Quem está no comando?

Quem está no comando?

17 de junho de 2021

A coluna da Bicca aborda de maneira leve e descontraída temas relevantes sobre ciência e saúde. Seus personagens e seus questionamentos abrem portas para explicações e reflexões descomplicadas.


Número 3 - Quem está no comando?
 

Já era passada muito mais da meia-noite. Que horas ao certo, ela não poderia afirmar com precisão. No enrolar e desenrolar do cobertor, envolvida pelo barulho do ventilador que passava a cada 30 segundos, e suspensa em pensamentos repentinos, calculava como iria responder à pergunta daquele projeto? Seria melhor fazer uma cultura de células ou um experimento animal? Pegava no sono novamente. Em meio a disputas com sereias em oceanos que na verdade estavam inclinados no céu, assim de cabeça para baixo, ela se via grande e pequena, quando de repente, criava longas pernas e montava em um unicórnio. Mexia-se e piscava. O ruído das cortinas de seda cor de púrpura batendo suavemente nas paredes cor de creme do quarto, como resultado do ventilador oscilante, a faziam voltar a realidade daquele apartamento de 3 quartos em que viviam, mas não completamente, porque o arco-íris que o unicórnio deixava por onde passava, como um rastro, ainda estava lá. Prontamente em sua mente, assim como aquela praia paradisíaca que guardava uma baleia falante, estavam também os planejamentos para o que as crianças iriam levar de lanche para escola durante a semana. O dentista da Lice é na quarta-feira. - Que dia é hoje mesmo? Passou a baleia azul em frente ao calendário do mês, piscando em cintilante as estrelas do céu que também era mar, e que como estrela cadentes, perdiam o brilho e se tornavam roupas sujas no cesto para lavar.
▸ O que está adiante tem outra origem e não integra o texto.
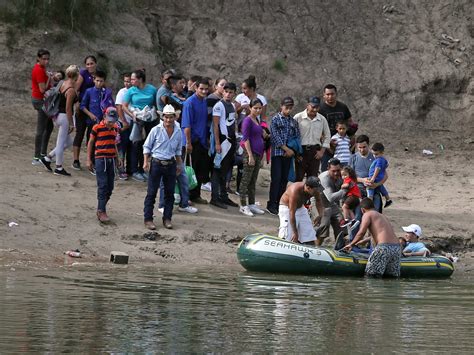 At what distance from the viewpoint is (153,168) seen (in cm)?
1767

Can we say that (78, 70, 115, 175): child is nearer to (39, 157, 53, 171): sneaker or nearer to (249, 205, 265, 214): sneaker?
(39, 157, 53, 171): sneaker

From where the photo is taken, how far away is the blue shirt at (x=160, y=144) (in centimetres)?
1762

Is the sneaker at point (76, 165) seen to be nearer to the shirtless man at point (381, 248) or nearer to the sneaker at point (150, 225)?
the sneaker at point (150, 225)

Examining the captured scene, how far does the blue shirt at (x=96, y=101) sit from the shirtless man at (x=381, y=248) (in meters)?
5.01

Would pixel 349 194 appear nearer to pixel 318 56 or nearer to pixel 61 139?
pixel 61 139

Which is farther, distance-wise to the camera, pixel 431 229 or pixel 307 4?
pixel 307 4

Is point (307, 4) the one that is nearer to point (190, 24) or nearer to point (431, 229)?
point (190, 24)

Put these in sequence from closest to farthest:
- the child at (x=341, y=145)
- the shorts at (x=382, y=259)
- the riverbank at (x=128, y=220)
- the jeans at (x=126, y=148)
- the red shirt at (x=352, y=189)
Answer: the shorts at (x=382, y=259), the riverbank at (x=128, y=220), the red shirt at (x=352, y=189), the child at (x=341, y=145), the jeans at (x=126, y=148)

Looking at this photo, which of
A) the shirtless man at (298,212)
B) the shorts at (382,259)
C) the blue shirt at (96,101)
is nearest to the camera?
the shorts at (382,259)

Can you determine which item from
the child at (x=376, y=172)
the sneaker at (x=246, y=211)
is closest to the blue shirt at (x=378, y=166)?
the child at (x=376, y=172)

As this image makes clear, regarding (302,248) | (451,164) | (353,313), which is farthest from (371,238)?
(451,164)

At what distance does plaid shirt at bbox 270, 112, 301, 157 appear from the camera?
19266 mm

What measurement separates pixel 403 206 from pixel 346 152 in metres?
1.95

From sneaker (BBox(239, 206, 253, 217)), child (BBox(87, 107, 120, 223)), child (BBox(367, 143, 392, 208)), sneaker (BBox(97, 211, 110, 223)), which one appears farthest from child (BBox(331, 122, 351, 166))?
sneaker (BBox(97, 211, 110, 223))
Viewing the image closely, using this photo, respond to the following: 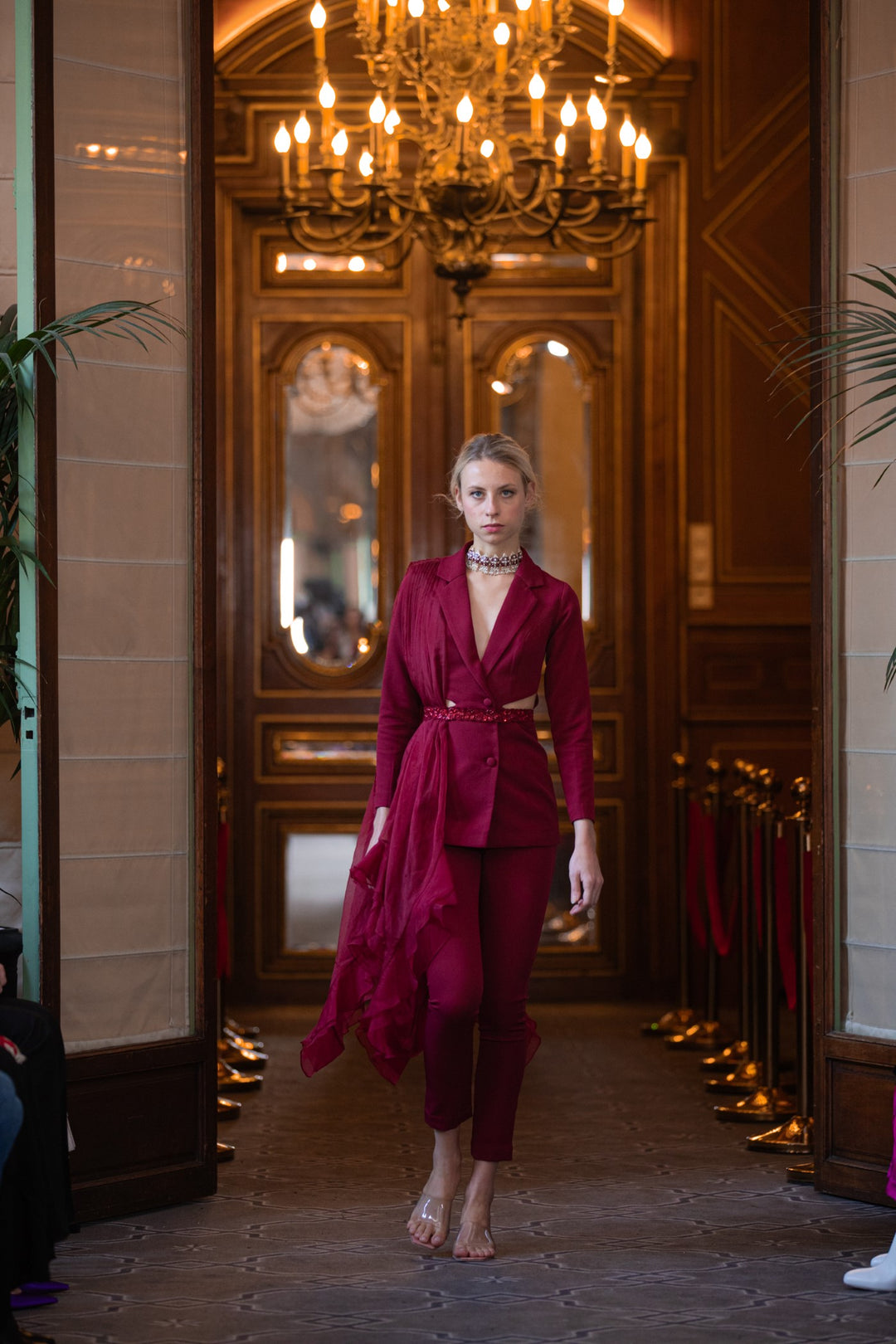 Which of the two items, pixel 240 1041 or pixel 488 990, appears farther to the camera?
pixel 240 1041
Nota mental: quando acordar lembrar que é preciso lavar roupa. Assim sem aviso, o barulho do ventilador, os sons da baleia azul cintilante, os ruídos da cortina, tornaram-se pano de fundo para um barulho ensurdecedor de “clicks”, de “plocs” e de “splafts”, de coisas quebrando no chão espatifadas. Ela dá um salto, das águas dos oceanos que pairavam ao contrário, ou seria do unicórnio...caiu da cama.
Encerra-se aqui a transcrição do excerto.